No debate realizado em sala de aula***, também foi levantada a ideia de que os posts não são escritos com o intuito de serem usados academicamente (no sentido de objetos de pesquisa). Novamente, foi abordado que, talvez, realmente não tenham este objetivo, da mesma maneira que jornais e revistas impressas e eletrônicas, o objetivo (o meu, claro) é ser lido, que alguém leia, se interesse, comente. Mas os usos a serem feitos? Bem, estes são os riscos que corremos ao publicar (no sentido de tornar público) o que pensamos e falamos… Se este é um espaço de produção de significados e valores (hehehe, me achei agora… não sei se este blog, especificamente, é para tanto, rsrsrs), como qualquer outro espaço cultural, é fonte e objeto de pesquisa também, como de simples olhadelas curiosas, clicadas desinteressadas em buscas no google, cliques acidentais por aí, ou buscas (por que não?) interessadas também (afinal, não é de todo ruim, né???).

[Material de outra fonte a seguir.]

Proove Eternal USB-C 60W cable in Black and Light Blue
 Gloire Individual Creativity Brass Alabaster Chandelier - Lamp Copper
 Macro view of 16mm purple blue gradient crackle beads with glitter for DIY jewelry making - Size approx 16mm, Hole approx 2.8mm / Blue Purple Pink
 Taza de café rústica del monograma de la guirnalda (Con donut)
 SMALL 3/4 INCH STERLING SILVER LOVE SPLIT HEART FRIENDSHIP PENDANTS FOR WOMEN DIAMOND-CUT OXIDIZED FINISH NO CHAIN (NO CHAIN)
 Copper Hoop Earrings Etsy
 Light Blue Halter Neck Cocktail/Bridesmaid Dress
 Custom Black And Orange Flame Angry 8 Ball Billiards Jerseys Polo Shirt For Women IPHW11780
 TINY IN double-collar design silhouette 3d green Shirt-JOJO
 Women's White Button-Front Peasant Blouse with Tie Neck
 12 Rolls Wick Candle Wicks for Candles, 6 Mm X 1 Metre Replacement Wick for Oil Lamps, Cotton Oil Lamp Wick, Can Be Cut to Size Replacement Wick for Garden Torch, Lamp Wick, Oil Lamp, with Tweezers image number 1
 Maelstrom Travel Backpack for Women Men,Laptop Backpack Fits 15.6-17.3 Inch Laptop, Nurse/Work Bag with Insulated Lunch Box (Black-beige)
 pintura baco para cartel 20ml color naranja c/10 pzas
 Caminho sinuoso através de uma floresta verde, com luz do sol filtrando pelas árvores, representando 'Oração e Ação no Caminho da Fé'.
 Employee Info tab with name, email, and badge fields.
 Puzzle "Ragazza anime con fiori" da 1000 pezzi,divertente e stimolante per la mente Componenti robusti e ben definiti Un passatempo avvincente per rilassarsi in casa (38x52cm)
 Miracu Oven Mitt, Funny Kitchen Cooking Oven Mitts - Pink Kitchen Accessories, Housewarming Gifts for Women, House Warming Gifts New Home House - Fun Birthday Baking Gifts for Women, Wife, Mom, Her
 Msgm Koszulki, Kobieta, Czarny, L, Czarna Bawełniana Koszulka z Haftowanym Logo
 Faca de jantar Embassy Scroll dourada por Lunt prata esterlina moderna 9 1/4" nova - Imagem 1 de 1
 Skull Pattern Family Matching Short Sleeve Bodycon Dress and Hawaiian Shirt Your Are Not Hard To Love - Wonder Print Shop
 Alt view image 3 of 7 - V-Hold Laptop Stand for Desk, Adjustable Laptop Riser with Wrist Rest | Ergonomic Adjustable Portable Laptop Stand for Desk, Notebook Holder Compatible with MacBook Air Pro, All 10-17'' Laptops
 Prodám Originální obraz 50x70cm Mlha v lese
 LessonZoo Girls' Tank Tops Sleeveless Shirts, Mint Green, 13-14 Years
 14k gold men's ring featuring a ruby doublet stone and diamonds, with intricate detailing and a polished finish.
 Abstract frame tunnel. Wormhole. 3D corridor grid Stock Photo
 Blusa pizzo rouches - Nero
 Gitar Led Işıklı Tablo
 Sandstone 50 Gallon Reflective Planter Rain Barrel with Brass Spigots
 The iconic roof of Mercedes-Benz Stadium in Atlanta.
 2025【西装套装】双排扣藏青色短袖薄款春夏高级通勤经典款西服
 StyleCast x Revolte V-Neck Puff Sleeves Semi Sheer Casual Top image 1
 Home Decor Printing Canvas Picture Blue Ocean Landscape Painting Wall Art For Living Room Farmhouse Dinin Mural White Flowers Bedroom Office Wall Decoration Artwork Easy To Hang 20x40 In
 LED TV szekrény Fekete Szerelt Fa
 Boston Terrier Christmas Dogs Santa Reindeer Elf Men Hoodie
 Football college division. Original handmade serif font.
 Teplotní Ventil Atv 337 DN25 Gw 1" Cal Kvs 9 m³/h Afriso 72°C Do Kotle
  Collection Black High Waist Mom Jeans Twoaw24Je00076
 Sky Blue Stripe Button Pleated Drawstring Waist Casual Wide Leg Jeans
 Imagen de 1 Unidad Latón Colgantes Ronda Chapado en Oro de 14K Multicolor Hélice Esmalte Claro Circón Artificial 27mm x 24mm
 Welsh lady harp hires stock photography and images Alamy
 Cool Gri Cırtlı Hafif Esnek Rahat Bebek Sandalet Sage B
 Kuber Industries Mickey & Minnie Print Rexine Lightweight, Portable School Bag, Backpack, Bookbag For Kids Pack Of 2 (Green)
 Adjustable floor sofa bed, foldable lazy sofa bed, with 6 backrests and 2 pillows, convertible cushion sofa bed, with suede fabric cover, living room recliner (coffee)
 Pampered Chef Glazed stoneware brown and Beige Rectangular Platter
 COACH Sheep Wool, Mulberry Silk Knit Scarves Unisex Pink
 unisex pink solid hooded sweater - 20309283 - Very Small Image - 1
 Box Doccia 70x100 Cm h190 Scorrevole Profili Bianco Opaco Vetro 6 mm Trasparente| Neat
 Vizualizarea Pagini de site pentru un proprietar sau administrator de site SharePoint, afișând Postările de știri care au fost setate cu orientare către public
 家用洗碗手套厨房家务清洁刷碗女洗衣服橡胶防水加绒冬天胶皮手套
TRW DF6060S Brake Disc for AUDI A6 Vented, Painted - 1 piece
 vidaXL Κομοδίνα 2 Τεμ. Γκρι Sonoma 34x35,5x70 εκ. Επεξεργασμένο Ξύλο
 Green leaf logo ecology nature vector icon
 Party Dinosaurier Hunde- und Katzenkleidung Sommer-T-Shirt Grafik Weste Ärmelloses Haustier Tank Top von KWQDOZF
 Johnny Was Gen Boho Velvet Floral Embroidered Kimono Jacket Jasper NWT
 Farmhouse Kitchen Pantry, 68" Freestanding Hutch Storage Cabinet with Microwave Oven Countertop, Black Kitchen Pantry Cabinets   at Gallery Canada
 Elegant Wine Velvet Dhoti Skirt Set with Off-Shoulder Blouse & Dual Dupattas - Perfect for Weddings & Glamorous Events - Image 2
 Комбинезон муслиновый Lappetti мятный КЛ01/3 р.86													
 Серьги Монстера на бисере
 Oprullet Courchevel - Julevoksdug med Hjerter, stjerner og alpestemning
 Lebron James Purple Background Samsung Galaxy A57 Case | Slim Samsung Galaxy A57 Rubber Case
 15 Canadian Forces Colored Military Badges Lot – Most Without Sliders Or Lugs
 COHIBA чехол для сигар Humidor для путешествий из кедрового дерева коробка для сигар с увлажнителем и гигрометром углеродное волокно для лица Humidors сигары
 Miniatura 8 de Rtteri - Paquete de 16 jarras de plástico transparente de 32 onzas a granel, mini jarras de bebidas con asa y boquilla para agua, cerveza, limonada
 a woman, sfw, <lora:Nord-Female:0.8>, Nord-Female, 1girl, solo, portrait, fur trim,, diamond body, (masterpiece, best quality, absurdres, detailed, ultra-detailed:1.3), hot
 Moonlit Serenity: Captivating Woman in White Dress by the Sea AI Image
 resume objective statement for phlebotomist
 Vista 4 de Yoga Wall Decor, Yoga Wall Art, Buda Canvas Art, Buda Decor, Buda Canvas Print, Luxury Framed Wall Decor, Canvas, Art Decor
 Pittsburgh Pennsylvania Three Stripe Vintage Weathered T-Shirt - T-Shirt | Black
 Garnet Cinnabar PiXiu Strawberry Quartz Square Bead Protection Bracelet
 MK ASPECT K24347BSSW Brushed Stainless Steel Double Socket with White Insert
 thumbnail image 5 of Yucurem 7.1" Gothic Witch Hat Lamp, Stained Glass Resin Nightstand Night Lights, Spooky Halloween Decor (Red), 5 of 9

A outra questão que fiquei me interrogando acerca deste artigo, foi em relação à preocupação com a veracidade das informações pessoais (dos perfis dos bloggeiros, das postagens dos blogs, dentre outras coisas). Mas… Esta postagem já ficou gigantesca e, nesta altura do campeonato, poucos ainda devem estar lendo, então isto ficará para outro post, aguardem…

Só para constar, no fim, abaixo está a apresentação que fiz, correspondente a este texto, para o seminário.

* Para saber mais sobre etnografia, os autores Clifford Geertz (Ex. Estar lá, escrever aqui. Diálogos, São Paulo, v.22, n.3, 1989, p.58-63; Nova luz sobre a Antropologia, ed. Zahar) e Tereza Caldeira (A presença do autor e a pós-modernidade em antropologia. Novos Estudos, n. 21, Campinas: CEBRAP, 1988, p. 133-157) apresentam importantes discussões e um bom aporte teórico, inclusive para quem está iniciando os estudos no campo.

** Cultura entendido aqui não somente como “o melhor que foi e é produzido pela sociedade humana”, mas todas as práticas sociais e produções humanas, aquilo que tem ou produz sentidos/significados na sociedade. Para ler mais acerca desta noção de cultura, ler Nelson, C., Treichler, P. A. & Grossberg, L. Estudos Culturais em Educação: Uma introdução. In: Silva, T. T. da (org.) Alienígenas em sala de aula. Petrópolis, RJ: Vozes, 2001. p. 7-38.

***Este post foi feito em função do debate gerado na disciplina Caçadores de identidade: drops sobre tribos urbanas da atualidade, oferecida pela Profª.Drª. Elisabete Garbin, com participação das Profª.Drª. Clarice Traversini e Profª.Drª.Maria Luíza Xavier, no Programa de Pós-Graduação em Educação (FACED/UFRGS).